[Start of section]

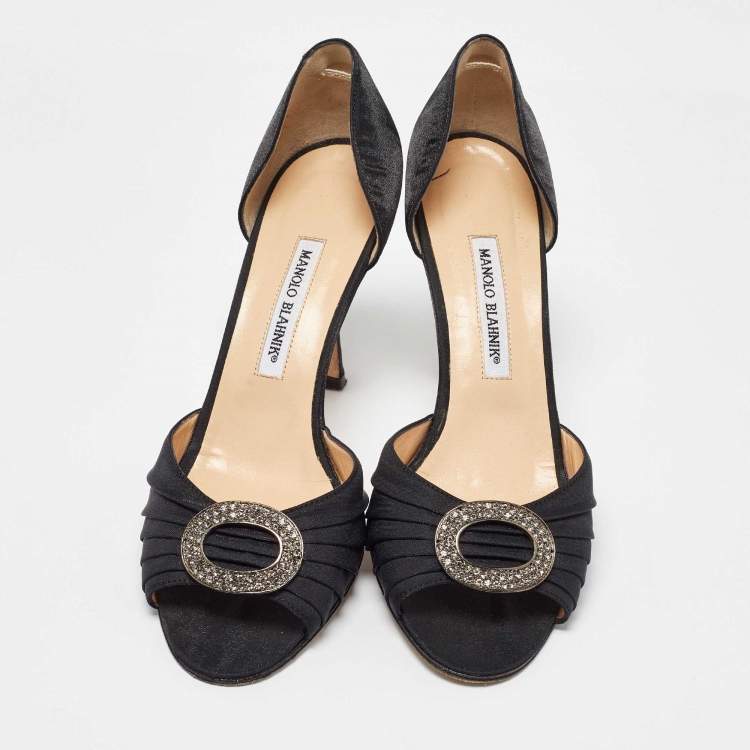 Pre Owned Manolo Blahnik Black Satin Pleated Sedaraby D'orsay Pumps Size 40.5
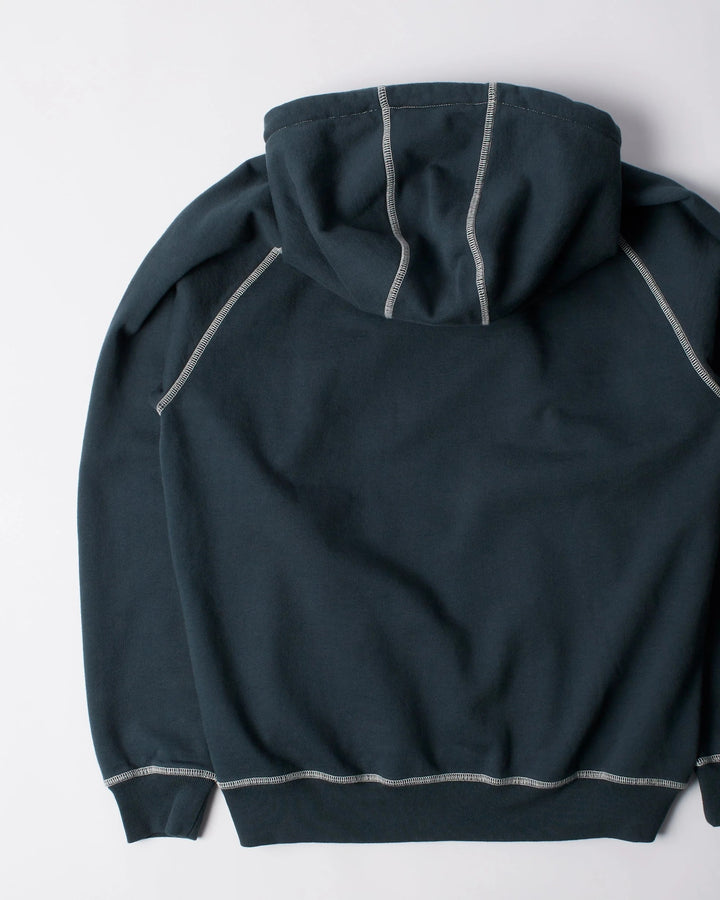 By Parra Circled Script Logo Hooded Sweatshirt - Dark Blue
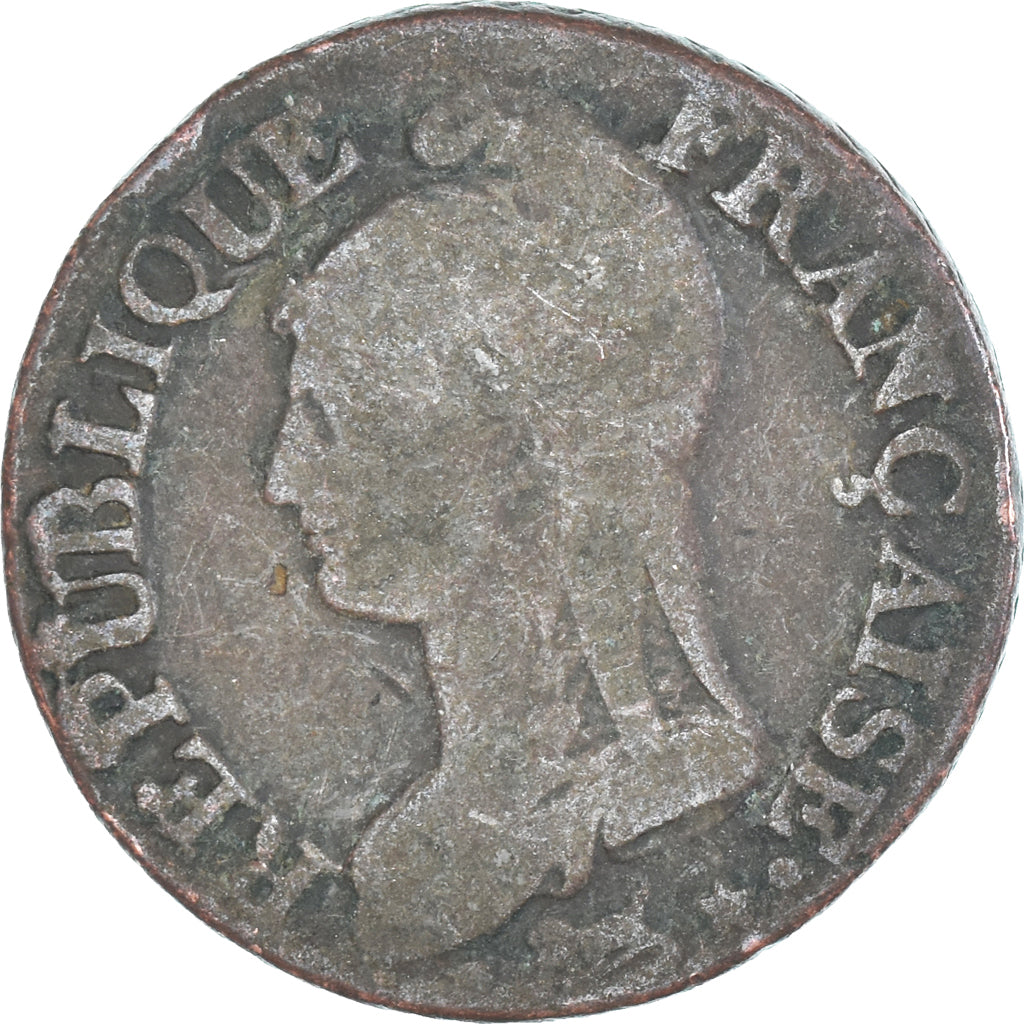 Coin, France, Dupré, 5 Centimes, Paris, VF(20-25), Copper, Gadoury:126/126a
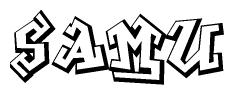 The clipart image depicts the word Samu in a style reminiscent of graffiti. The letters are drawn in a bold, block-like script with sharp angles and a three-dimensional appearance.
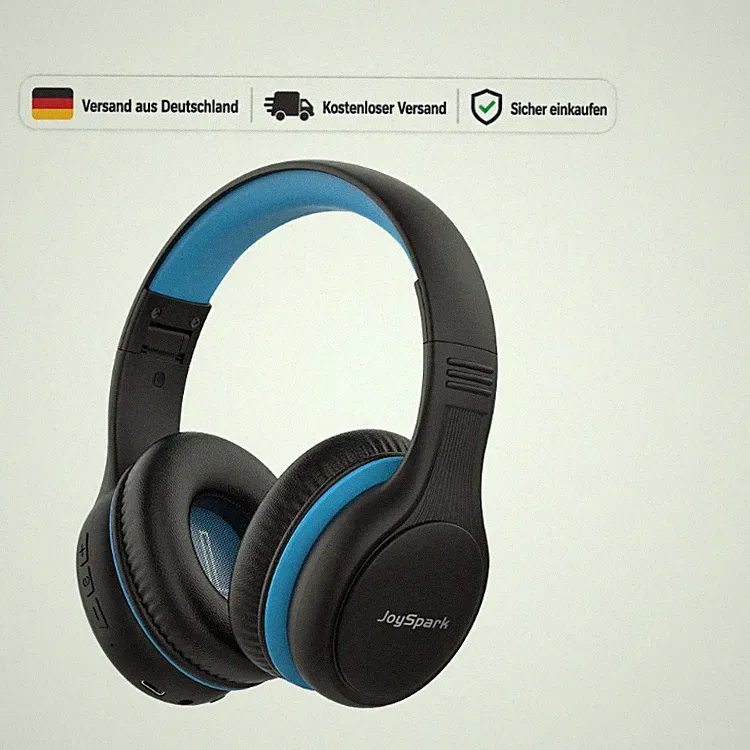 JoySpark B08 Bluetooth Kopfhörer Kinder, 60 Std Akkulaufzeit, Schwarz Blau
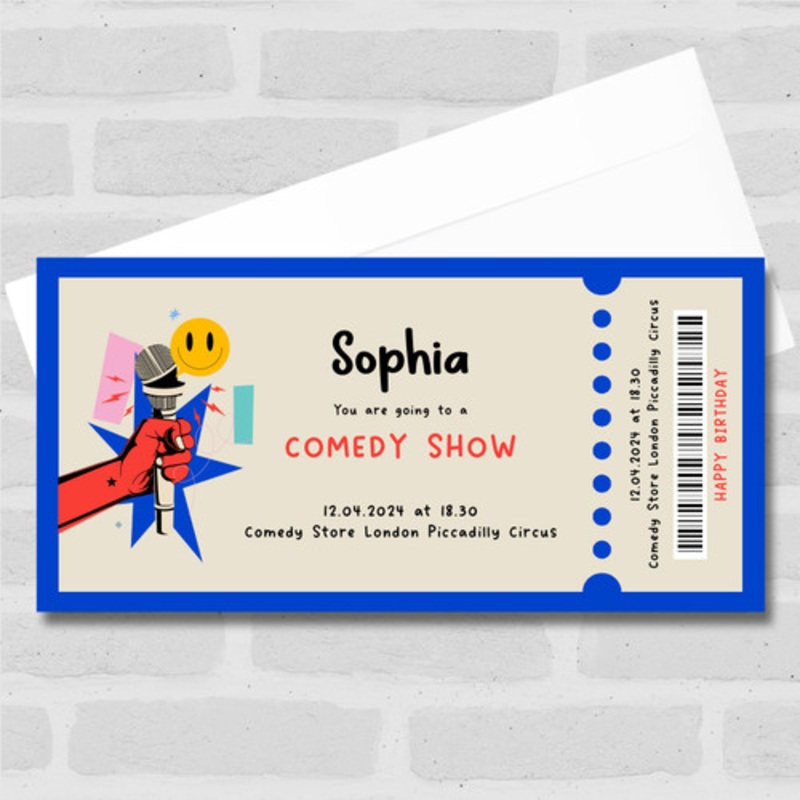 Microphone Going Comedy Show Personalised Surprise Ticket Gift Voucher – The Card Zoo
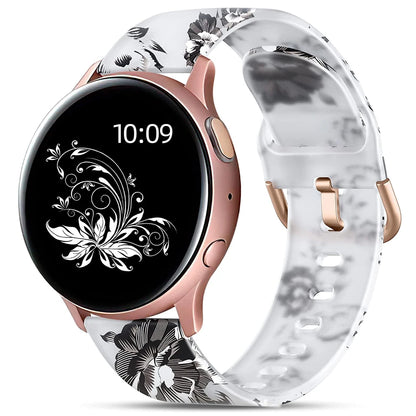 20mm Floral Band For Huami Amazift GTS 4/2/2e/3/GTS2 Mini/GTR 42mm Watch Bracelet Amazfit Bip 3 Pro Transparent Silicone Strap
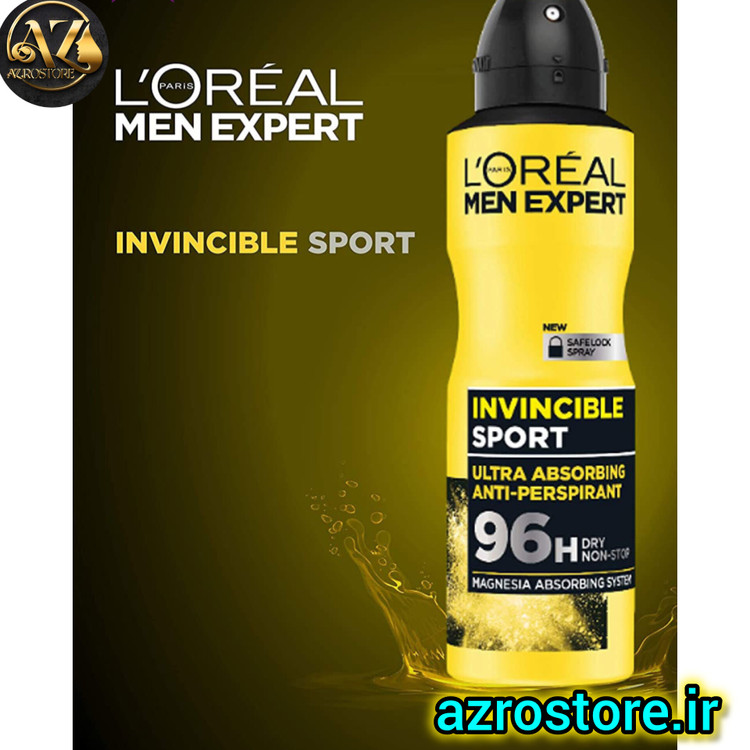 اسپری ضد تعریق مردانه لورآل مدل Invincible Sport حجم ۲۵۰ میل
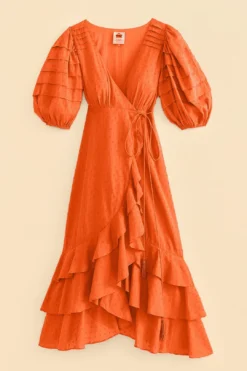 Farm Rio Orange Ruffles Midi Dress -Farm Rio Shop 313610 04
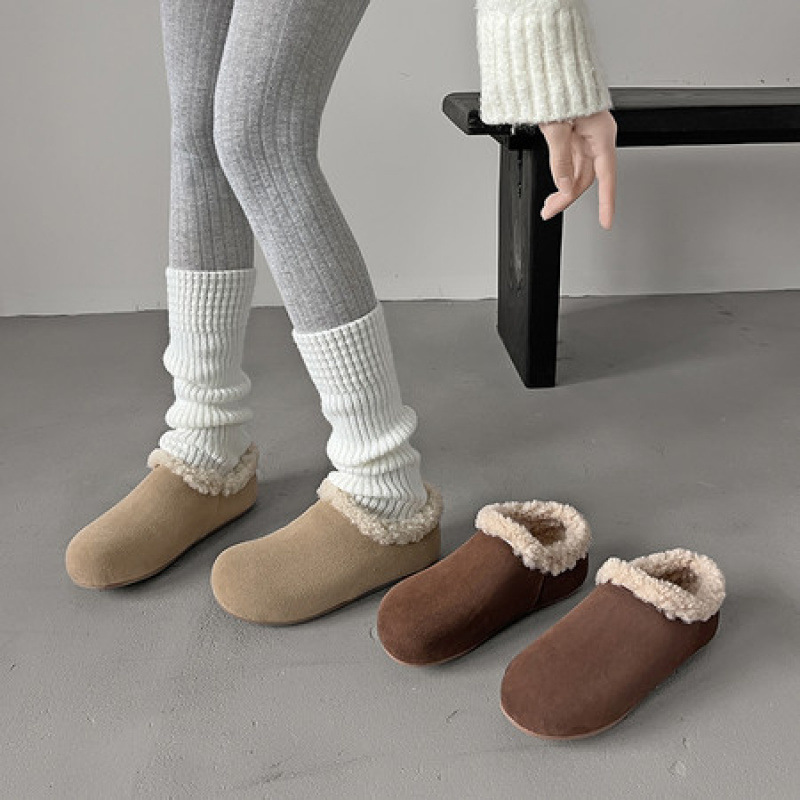 Cowhide! Women's Fuzzy Slippers for Outdoor Wear, Lazy Style, Round-Toe, Lamb Wool, Plush, Warm, Closed-Toe, Thick-Soled Cotton Slippers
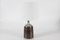 Große dänische Mid-Century Keramik Tischlampe mit brauner Glasur und neuem Schirm von Per Linnemann-Schmidt für Palshus, 1960er 3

[End of section]

### Problem to solve
Using the records above, print exactly the run of lines that starts with the line with "Microphone Going Comedy" and goes on through the line with "20mm Floral Band", pictures excluded.

### Answer to this task
 Microphone Going Comedy Show Personalised Surprise Ticket Gift Voucher – The Card Zoo
 20mm Floral Band For Huami Amazift GTS 4/2/2e/3/GTS2 Mini/GTR 42mm Watch Bracelet Amazfit Bip 3 Pro Transparent Silicone Strap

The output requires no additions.